Of course, replacing "use the smallest number possible as the base" with "use the biggest number possible as the base" doesn't work since you can go very very high, and also using numbers like googolplex or Graham's number as the base might seem a bit gratuitous... so I'm fine with using 10 as the default base, that's the base for scientific notation anyway.
So that's my spiel for using 10 as the base, but really the most important thing is to use a consistent base for all the estimates.
Converting bases is an option, but I'm hesitant to use conversions that would reduce the reported score in situations where it doesn't make it shorter to write. The writeup does make a point of contextualizing the numbers in terms of more familiar ones like googolplex, and I can add examples of how they might translate to other bases, but for this specific deck, the topic of how its score translates to base 3 is particularly relevant due to that being the base used for Graham's Number.

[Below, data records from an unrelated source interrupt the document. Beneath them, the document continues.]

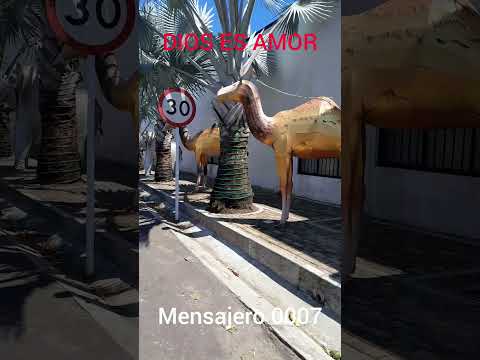 Alcaldia de EL PAUJIL CAQUETA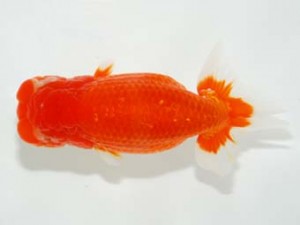 横浜観魚会　二歳会　西大関　秋元和男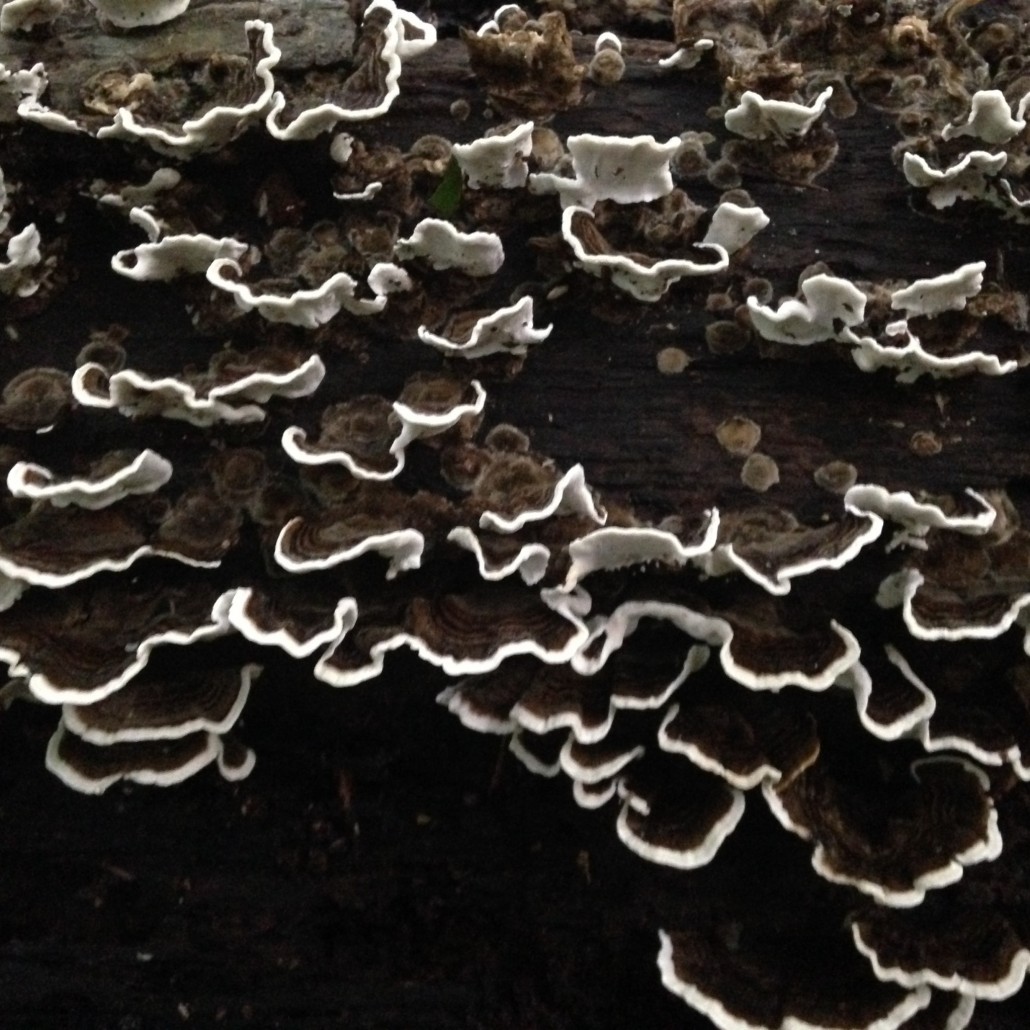 Humungous fungus among us by Kelly Jordan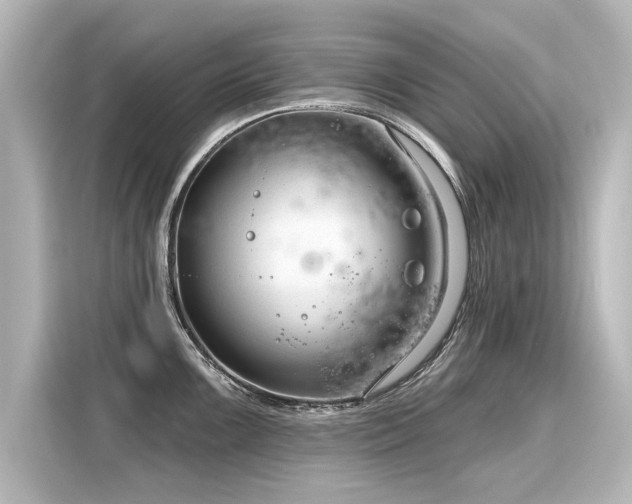 X0000116161099200911301556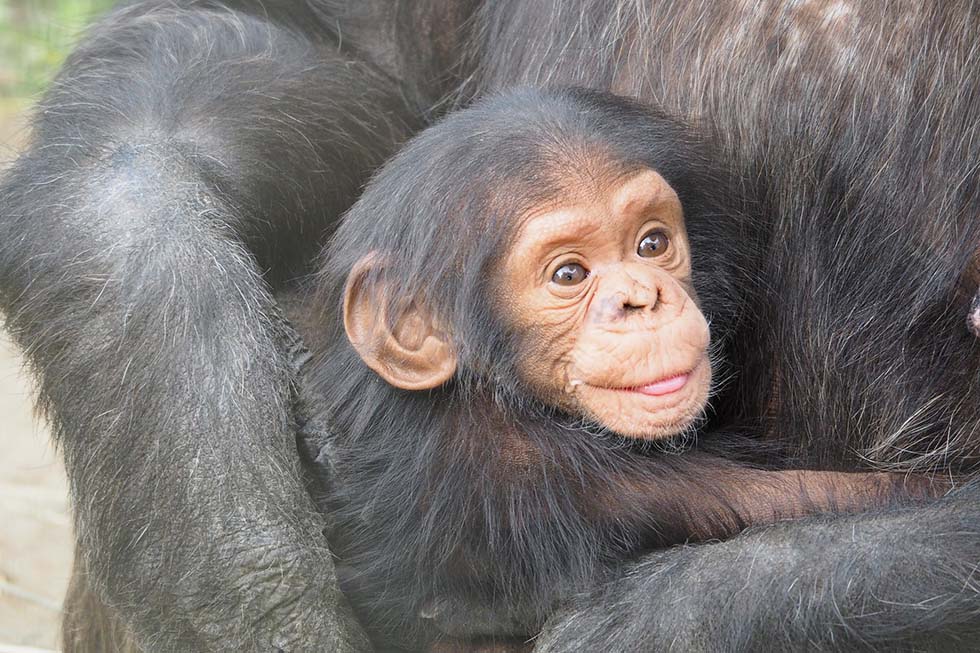 Ein Schimpansenbaby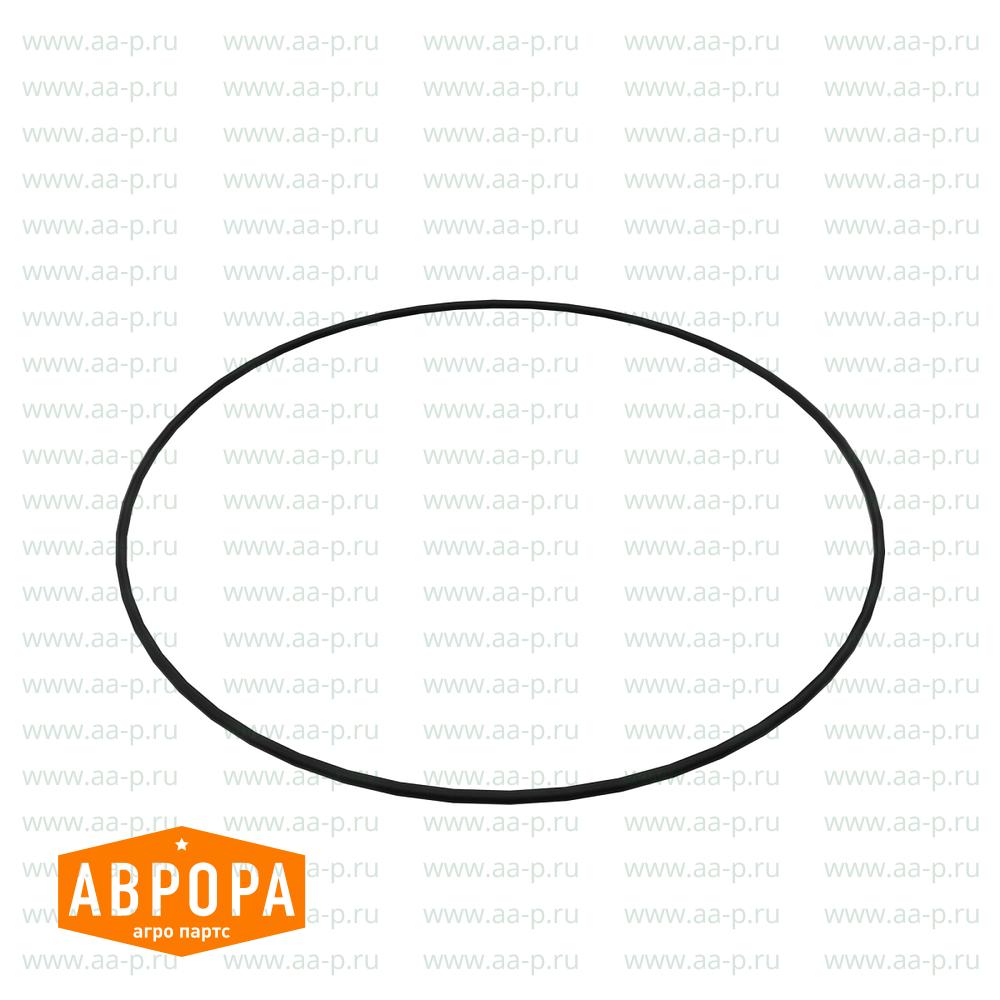 R113982 УПЛОТНИТЕЛЬНОЕ  КОЛЬЦО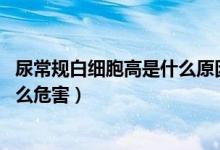 尿常規(guī)白細胞高是什么原因,嚴重嗎（尿常規(guī)白細胞偏高有什么危害）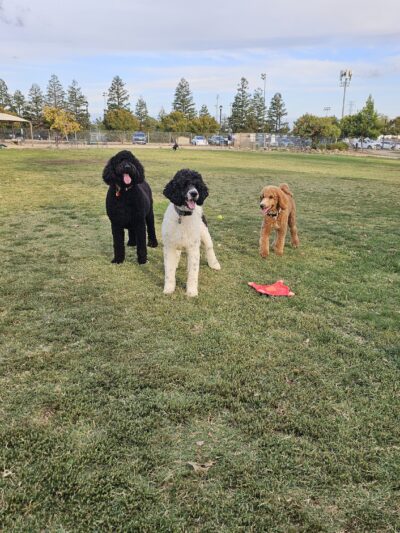 Bear Dog Park - Roseville, CA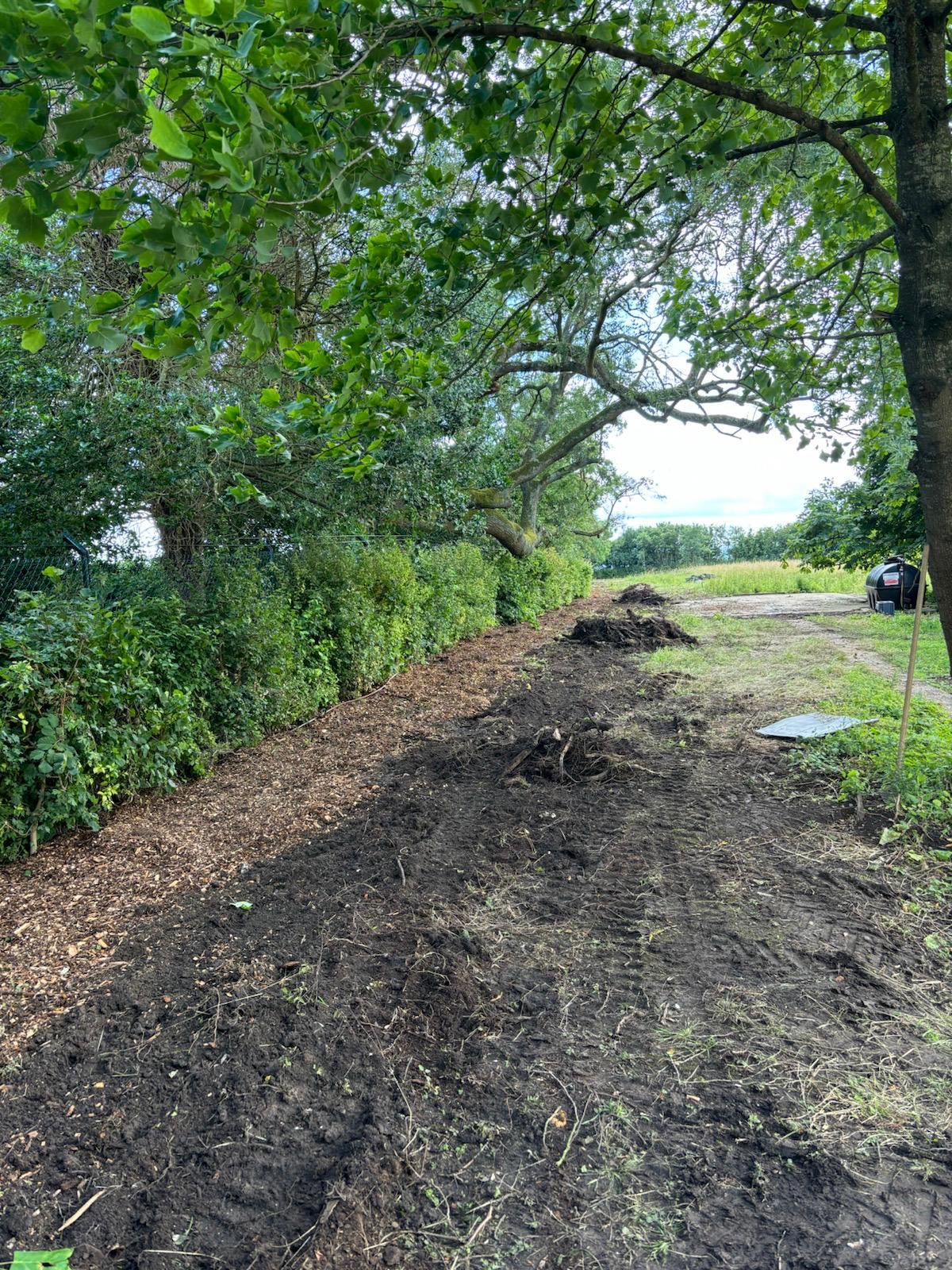 Mixed Native Instant Hedge Marlow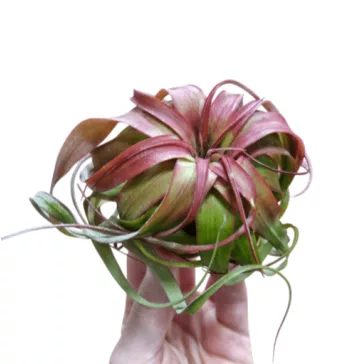Tillandsia Eric Knobloch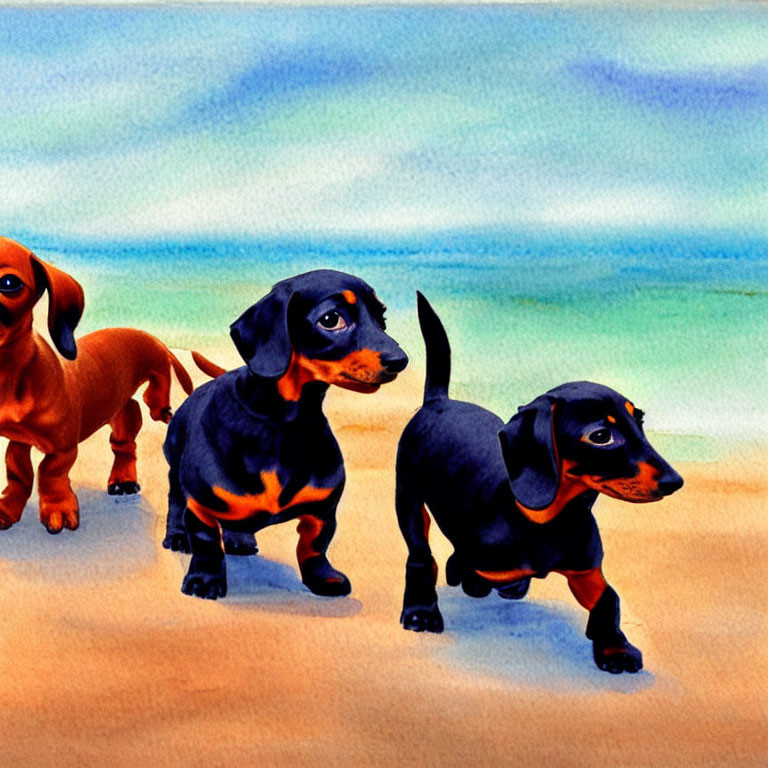 Vibrant painted dachshunds on sandy beach with blue sky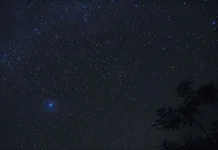 Nyepi sebagai “Istirahat Alam” di Bali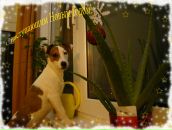 Света Смирнова фотография #48 (источник - https://vk.com/id178532)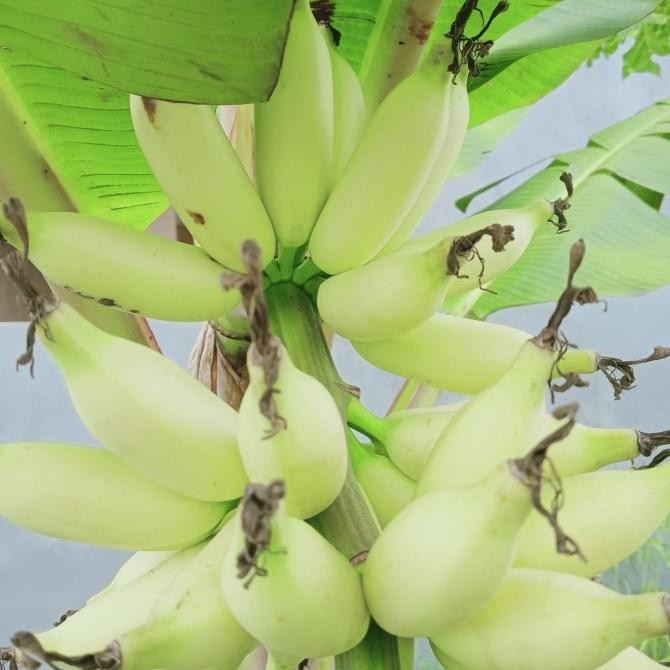bibit pisang mas gading AZZ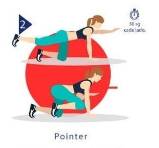 Postura Pointer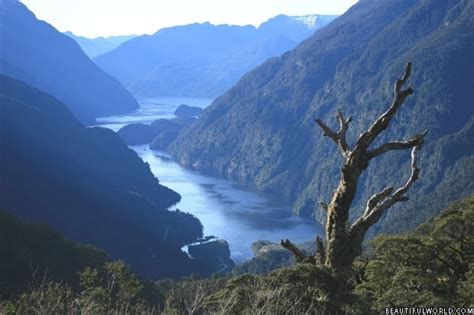 Fiordland National Park Facts & Information - Beautiful World Travel Guide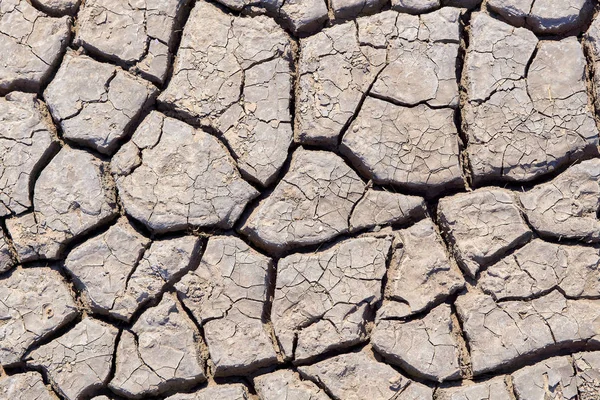 干燥炎热的夏天 与一些小的 绿色的植物开裂的土壤 干旱时期地球的质地 — 图库照片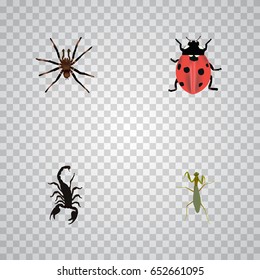 Realistic Ladybird, Grasshopper, Poisonous And Other Vector Elements. Set Of Bug Realistic Symbols Also Includes Ladybug, Poisonous, Scorpion Objects.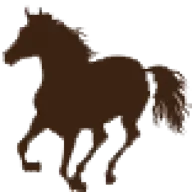 Cowgirlsandcowboysinthewest.com Favicon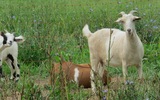 Louise with herd mates, Lula Mae & Juliet. Sept 2019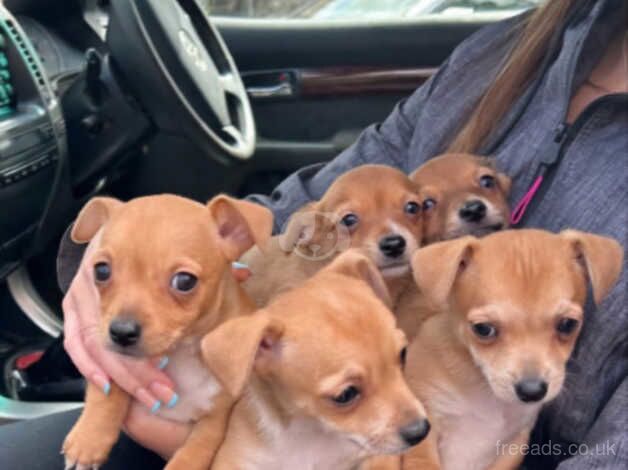 Jack russel Puppy's for sale in Paisley, Renfrewshire - Image 1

Which doesn't necessarily rule out using a consistent base for the final scoring, but I'm not sure how significant it would be.
While it's true that (3^^^^(3^^^(3^^3^^3^^18))) is larger than (2^^^^(2^^^(2^^2^^3^^18))), the notion that the change between the early 3's and 2's has any significance is far more misleading than just thinking of them as identical. For example, (3^^^^(3^^^(3^^3^^3^^18))) is less than (2^^^^(2^^^(2^^2^^([3^^18)+2])), and is much closer to (2^^^^(2^^^(2^^2^^3^^18))) than tp (2^^^^(2^^^(2^^2^^([3^^18)+2])). So making those early bases higher in this situation, feels fraudulent; if you want a better lower bound, start with the most significant part of the expression, which in case is the power tower 3^^18. While expanding 3^^18 into an exponential tower is kind of a pain, that's the only way you'll get a legitimately good estimate, in the sense that the best lower bound is somewhere between 3^^18 = 3^3^3^...^3, and 3^^19 = 3^3^3^...^27, so there is some number 3^3^3^...^x where the choice of x gives the highest integral value of the power tower that still makes the full expression a lower bound. So figuring out that x is between, say, 16.454 and 16.455, gives you a significantly better estimate. On the other hand, increasing the earlier bases from 2 to 3, or even from 2 to googolplex, will be the same as increasing 3^3^3^...^3 to 3^3^3^...^(3.0000000....), where if we wanted to get to something other than 0 in the 3.00000... we would need more digits than could be stored in with the computational capacity of the observable universe. So REALLY doesn't get you anywhere from 3 to the best value... but if you use your expression with increased bases, people will not know that this is the case, rather they will expect that it makes some kind of difference if you deliberately put in larger bases.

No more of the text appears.